Task to complete = Please reproduce the data exactly, excluding any pictures it contains.

Records shown =
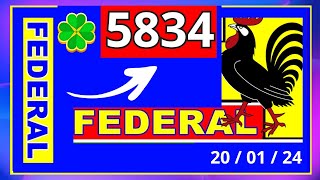 Federal 5834  Resultado do Jogo do Bicho das 19 horas pela Loteria Federal [upl. by Matejka]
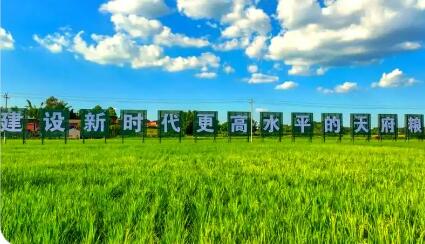 四川“天府粮仓”建设成势见效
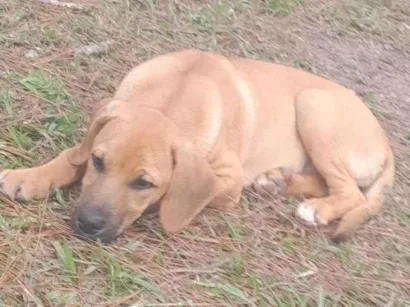 Cachorro raça Labrador idade 2 a 6 meses nome Mel e leci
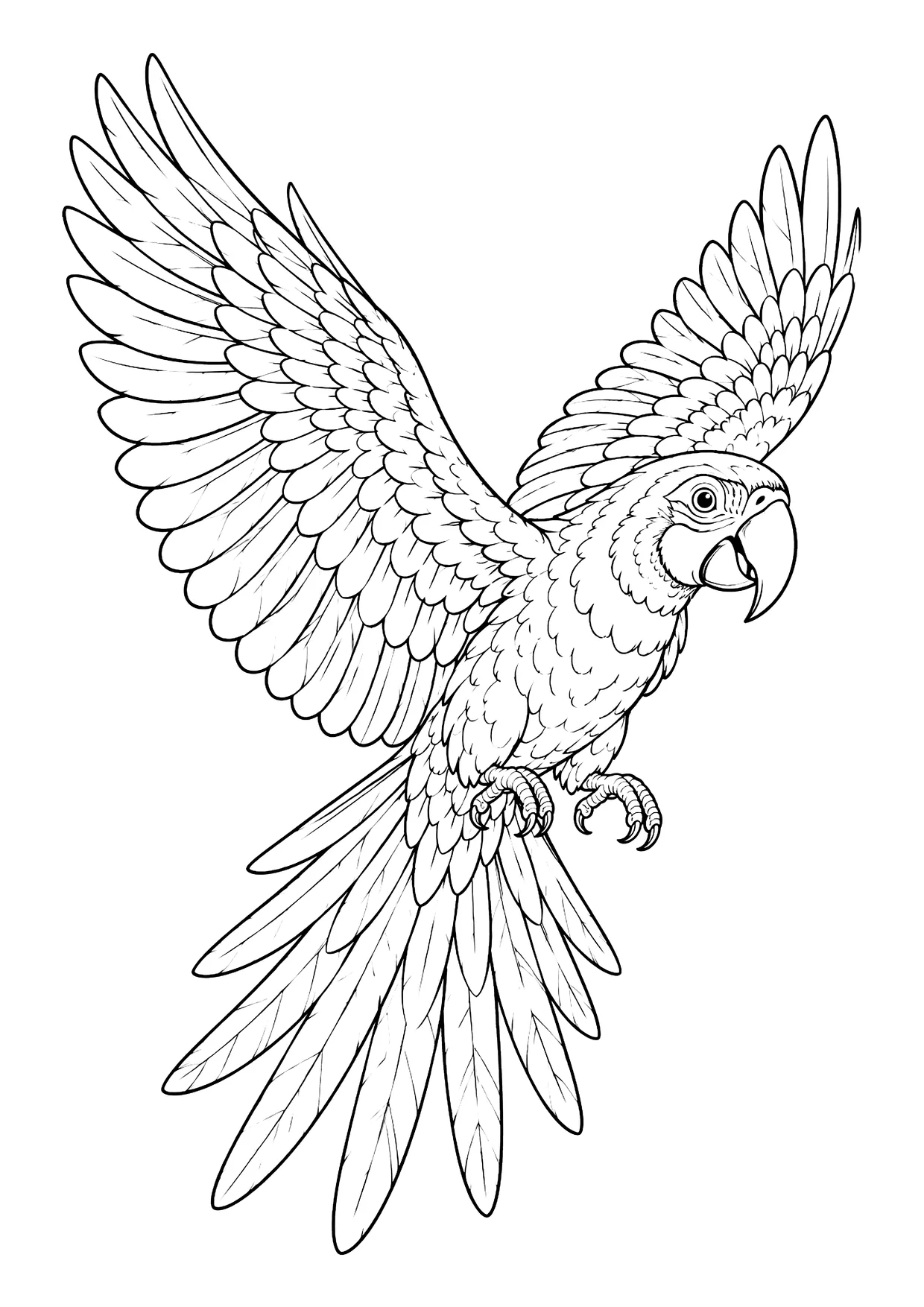 Ausmalbild: Ara-Papagei im Flug mit ausgebreiteten Flügeln, Hakenschnabel und langen Schwanzfedern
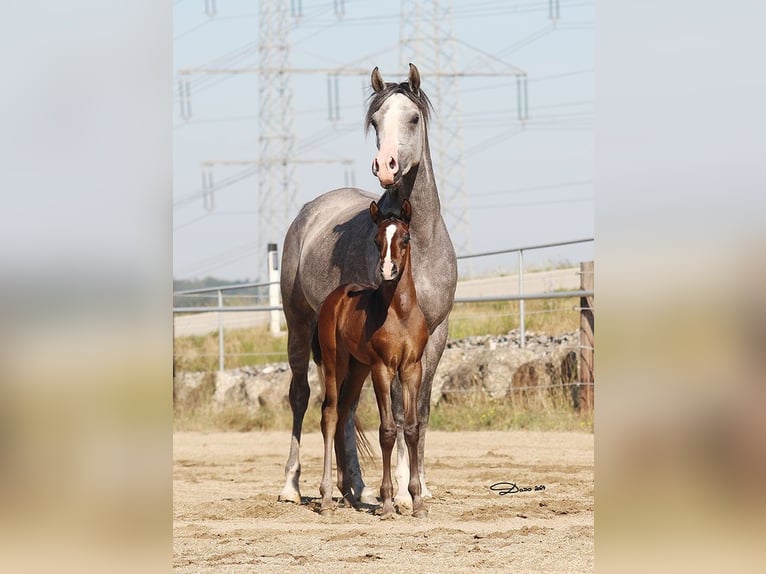 Arabian horses Mare Foal (07/2024) in Wallsee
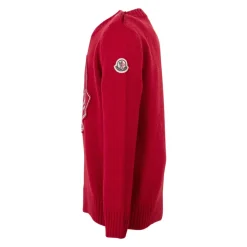Pull en laine et cachemire avec pingouin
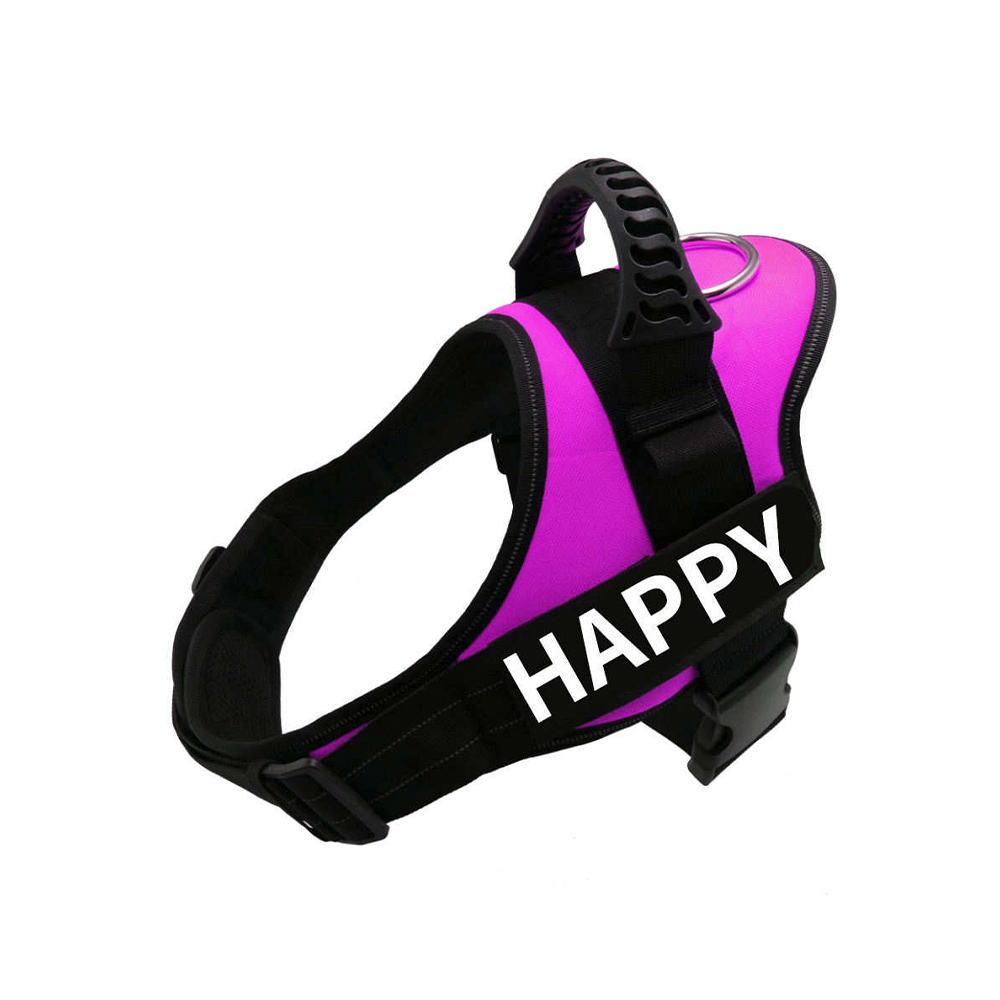 Ninguna correa de perro de nylon sólida reflexiva de la cuerda del arnés del perro del diseñador del tirón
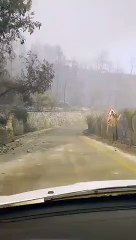 Yılmaz Özdil, Milas'tan paylaştı: Böyle çaresizlik görmedim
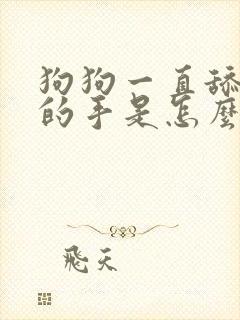 狗狗一直舔主人的手是怎么回事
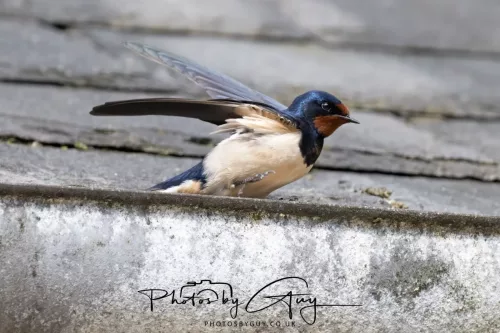 01 May2026 Brodick, Isle of Arran - Swallow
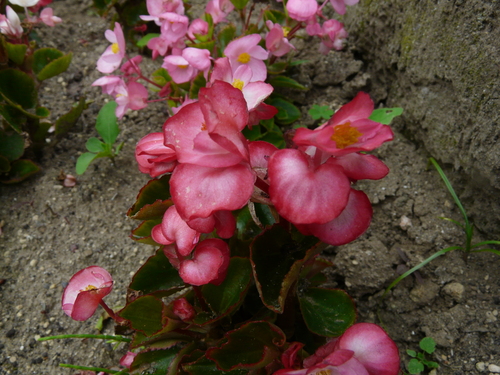 c0205169_6503262.jpg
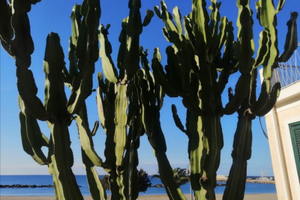 Sul mare casal velino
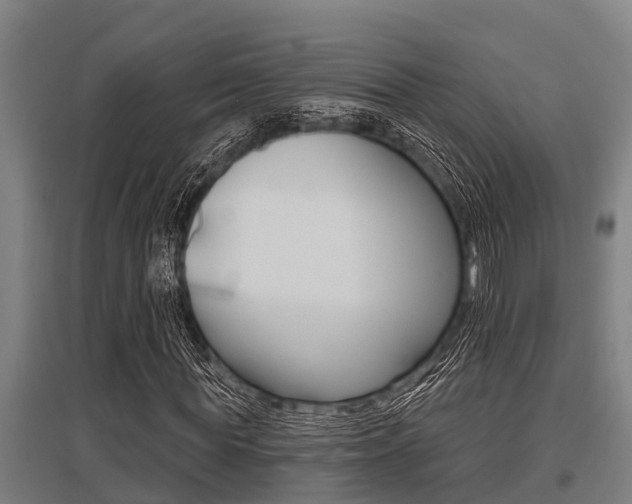 X0000096130819200801180827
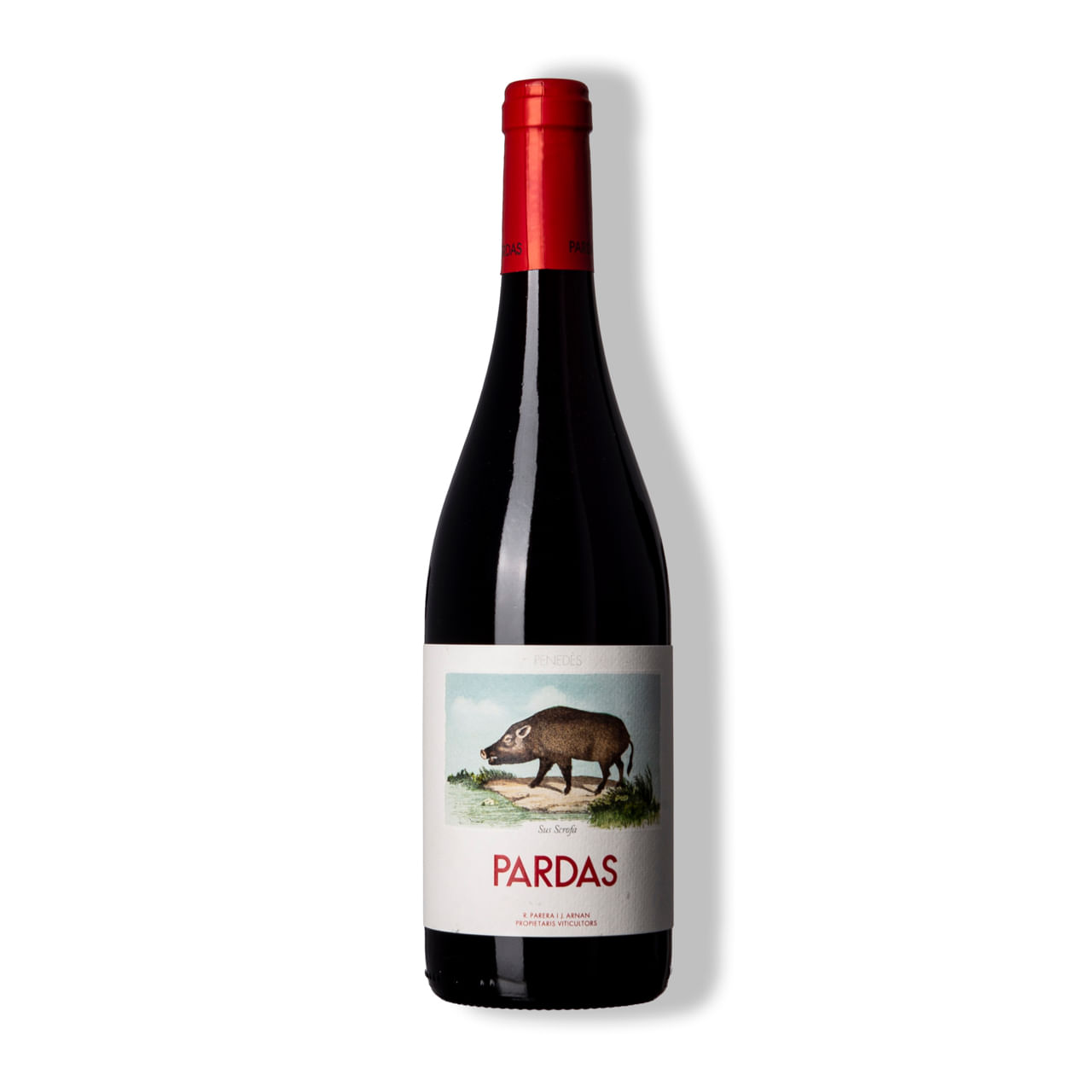 Vinho-Tinto-Sus-Scrofa-Sumoll-Penedes-2022-ESPST2201N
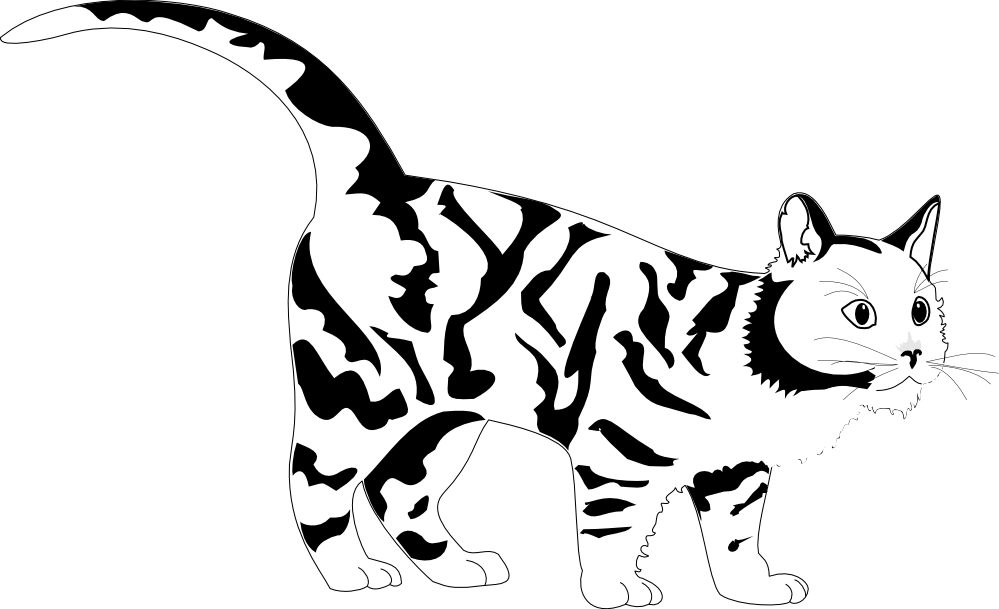 999x609 White Tiger Clip Art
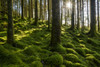 Moss covered ground and tree trunks in a conifer forest with the sun shining through the trees at Loch Awe in Argyll and Bute in Scotland Poster Print by Raimund Linke (19 x 12)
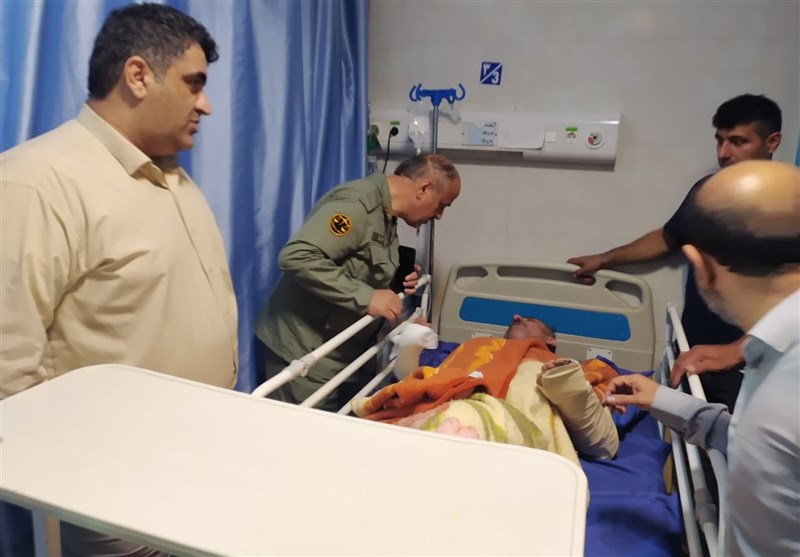 حمله یک خرس به محیطبان گیلانی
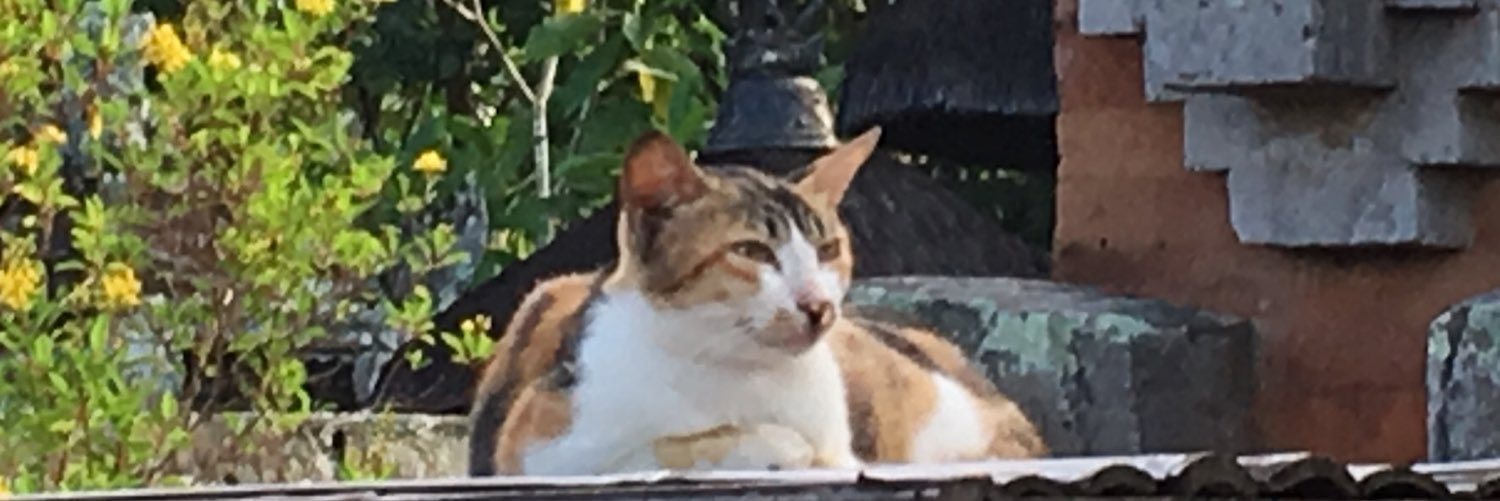ktutnik's profile banner image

Output of the task =
 Federal 5834  Resultado do Jogo do Bicho das 19 horas pela Loteria Federal [upl. by Matejka]
 四川“天府粮仓”建设成势见效
 Cachorro raça Labrador idade 2 a 6 meses nome Mel e leci
 Ausmalbild: Ara-Papagei im Flug mit ausgebreiteten Flügeln, Hakenschnabel und langen Schwanzfedern
 Arabian horses Mare Foal (07/2024) in Wallsee
Pull en laine et cachemire avec pingouin
 Ninguna correa de perro de nylon sólida reflexiva de la cuerda del arnés del perro del diseñador del tirón
 Yılmaz Özdil, Milas'tan paylaştı: Böyle çaresizlik görmedim
 狗狗一直舔主人的手是怎么回事
 01 May2026 Brodick, Isle of Arran - Swallow
 c0205169_6503262.jpg
 Sul mare casal velino
 X0000096130819200801180827
 Vinho-Tinto-Sus-Scrofa-Sumoll-Penedes-2022-ESPST2201N
 999x609 White Tiger Clip Art
 Moss covered ground and tree trunks in a conifer forest with the sun shining through the trees at Loch Awe in Argyll and Bute in Scotland Poster Print by Raimund Linke (19 x 12)
 حمله یک خرس به محیطبان گیلانی
ktutnik's profile banner image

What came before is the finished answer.